The Altair Community is migrating to a new platform to provide a better experience for you. In preparation for the migration, the Altair Community is on read-only mode from October 28 - November 6, 2024. Technical support via cases will continue to work as is. For any urgent requests from Students/Faculty members, please submit the form linked here
Meta data problem
Benedict_von_Ah
Member Posts: 8 Contributor I
Hey,
I'm using the extension "dictionary based sentiment analysis" and have got a problem with some meta data output at the end. Everything works out fine, but i cannot see the token number. What i wanted to do: Screening text, scoring each text, output is negative/ positive and the number of uncovered tokens - so in order to be able to use the "number of uncovered tokens" i want to know the number of total tokens i have in my text. I'm using the "Extract token number" but it won't display at the end.
Thanks for help
<?xml version="1.0" encoding="UTF-8"?><process version="7.6.001">
<operator activated="true" class="text:tokenize" compatibility="7.5.000" expanded="true" height="68" name="Tokenize" width="90" x="246" y="34">
<parameter key="mode" value="non letters"/>
<parameter key="characters" value=".:"/>
<parameter key="language" value="English"/>
<parameter key="max_token_length" value="3"/>
</operator>
</process>
<?xml version="1.0" encoding="UTF-8"?><process version="7.6.001">
<operator activated="true" class="text:filter_stopwords_german" compatibility="7.5.000" expanded="true" height="68" name="Filter Stopwords (German)" width="90" x="447" y="34">
<parameter key="stop_word_list" value="Standard"/>
</operator>
</process>
<?xml version="1.0" encoding="UTF-8"?><process version="7.6.001">
<operator activated="true" class="text:filter_by_length" compatibility="7.5.000" expanded="true" height="68" name="Filter Tokens (by Length)" width="90" x="179" y="187">
<parameter key="min_chars" value="4"/>
<parameter key="max_chars" value="40"/>
</operator>
</process>
<?xml version="1.0" encoding="UTF-8"?><process version="7.6.001">
<operator activated="true" class="text:transform_cases" compatibility="7.5.000" expanded="true" height="68" name="Transform Cases (2)" width="90" x="313" y="187">
<parameter key="transform_to" value="lower case"/>
</operator>
</process>
<?xml version="1.0" encoding="UTF-8"?><process version="7.6.001">
<operator activated="true" class="text:extract_token_number" compatibility="7.5.000" expanded="true" height="68" name="Extract Token Number" width="90" x="514" y="187">
<parameter key="metadata_key" value="token_number"/>
<parameter key="condition" value="all"/>
<parameter key="case_sensitive" value="false"/>
<parameter key="invert_condition" value="false"/>
</operator>
</process>
0
Answers
Your process XML appears to be malformed and won't render. Are you sure this is the XML from a single complete process?

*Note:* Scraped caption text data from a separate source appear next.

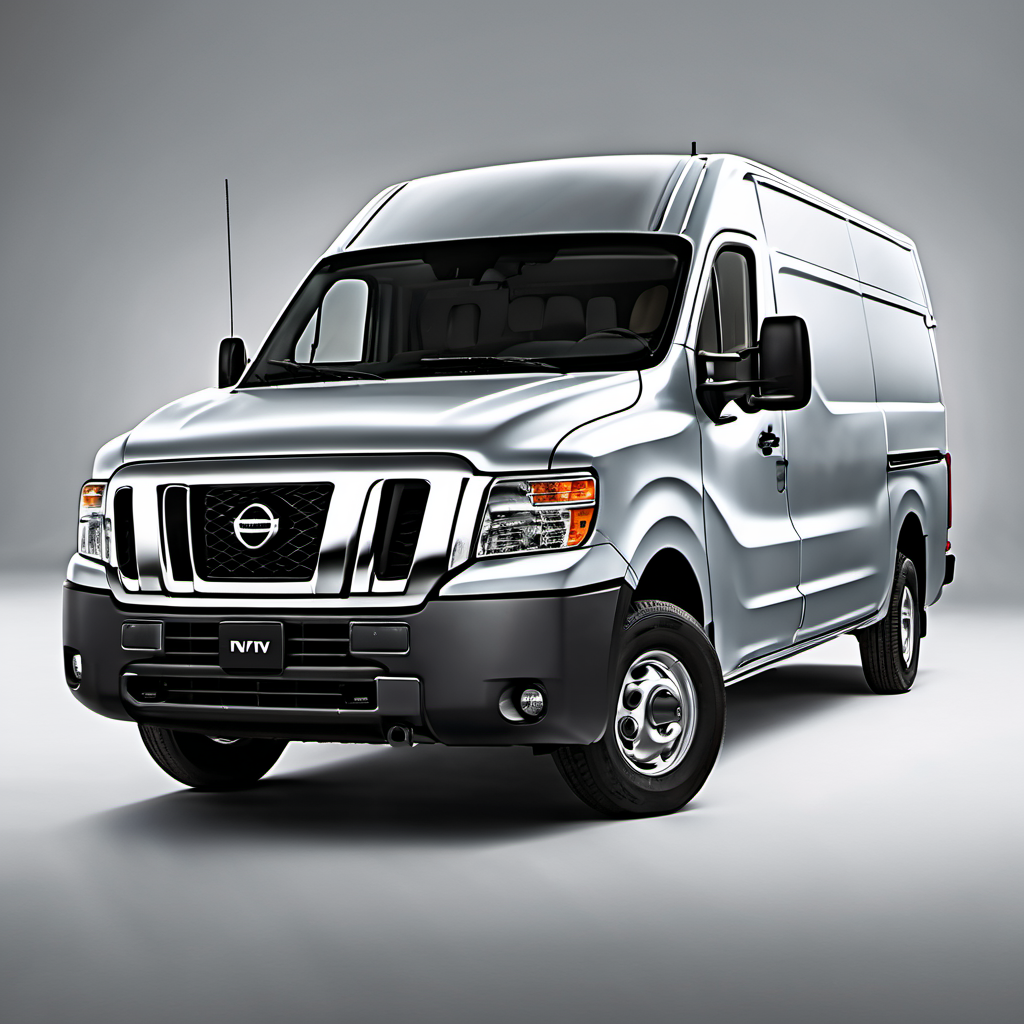 Illustration of a 2021 Nissan NV3500 HD Passenger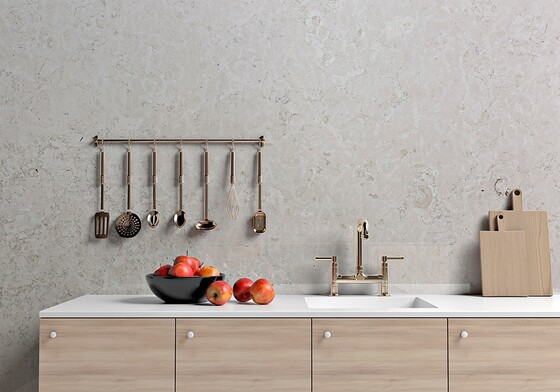 Biancone Polished Marble Slab Random (SL90470)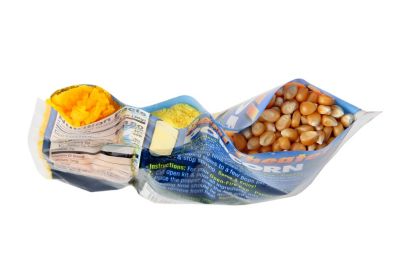 Image showing  Original Whirley-Pop Stovetop Popcorn Popper with Real Theater Popping Kit, Barn Red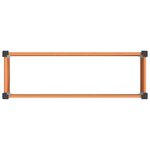 vidaXL Jardinière surélevée Marron 100 x 30 x 36 cm WPC et Aluminium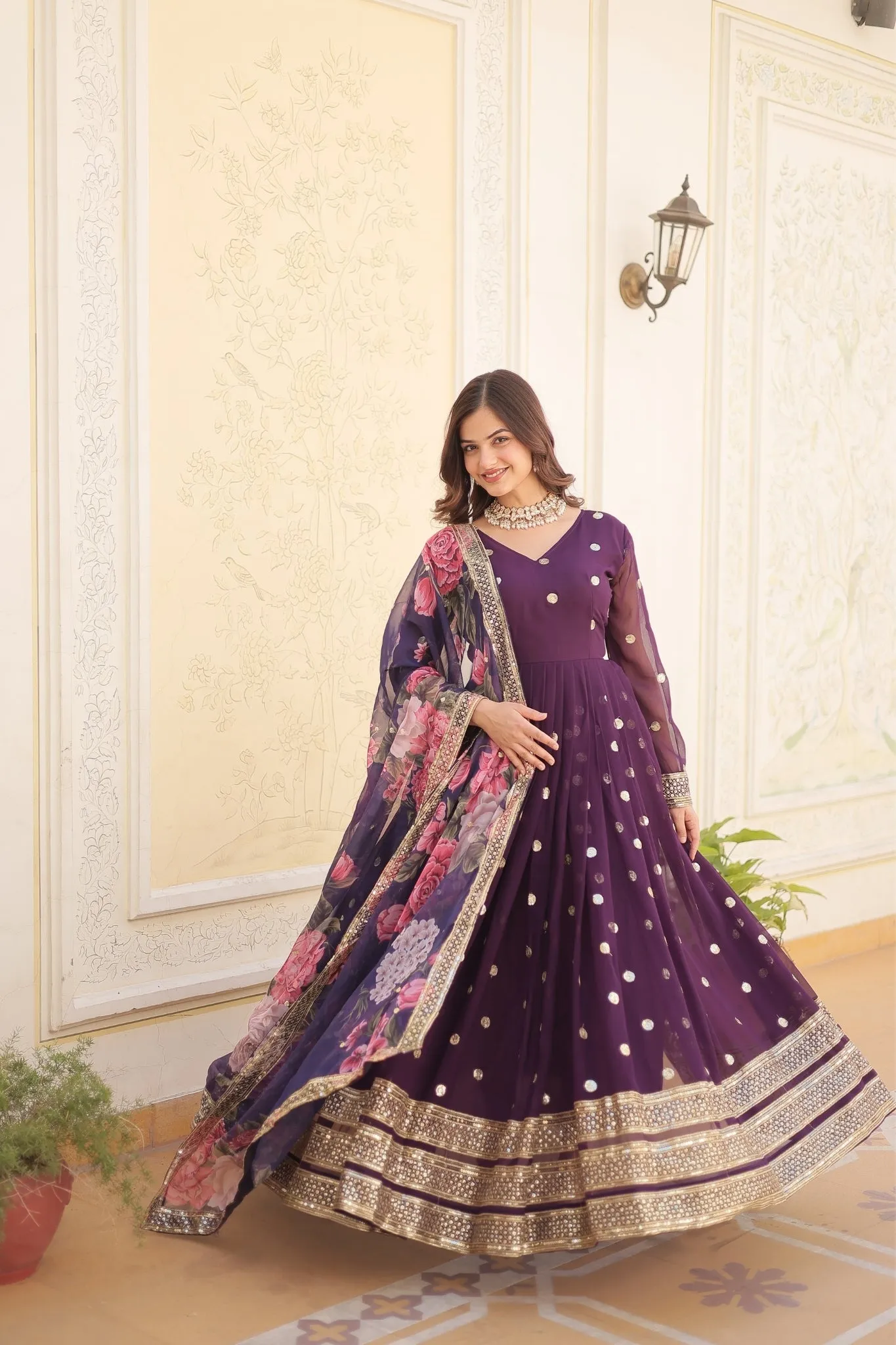 Elegance Style Readymade Anarkali Gown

In the meantime, "Extract Token Number" is meant to be used inside "Process Documents" so you'll need to incorporate it there in your workflow.
Lindon Ventures
Data Science Consulting from Certified RapidMiner Experts
Sorry but I have a tangential question... @Telcontar120 - this thing seems to happen a lot. Any idea why people's XML gets corrupted in this way? @Benedict_von_Ah if you could help me understand how you pasted the XML, this would be helpful. Thanks!
Scott
@sgenzer I really don't know about the XML corruption---I remember discussing this at one point in the past with @Thomas_Ott and I think he thought it was some kind of problem with the Lithium site backend.
Lindon Ventures
Data Science Consulting from Certified RapidMiner Experts
yeah that's what I'm worried about but I don't see that problem when experienced users post code - only new users. I assume this is not corrupted for you?
Scott
@sgenzer yep, that one's fine for me (nice Keras model, btw) :smileyhappy:
Lindon Ventures
Data Science Consulting from Certified RapidMiner Experts
Now that more people are posting XML's I think I might have to rethink my original hypothesis. It appears that new users are posting corrupted XML's mostly.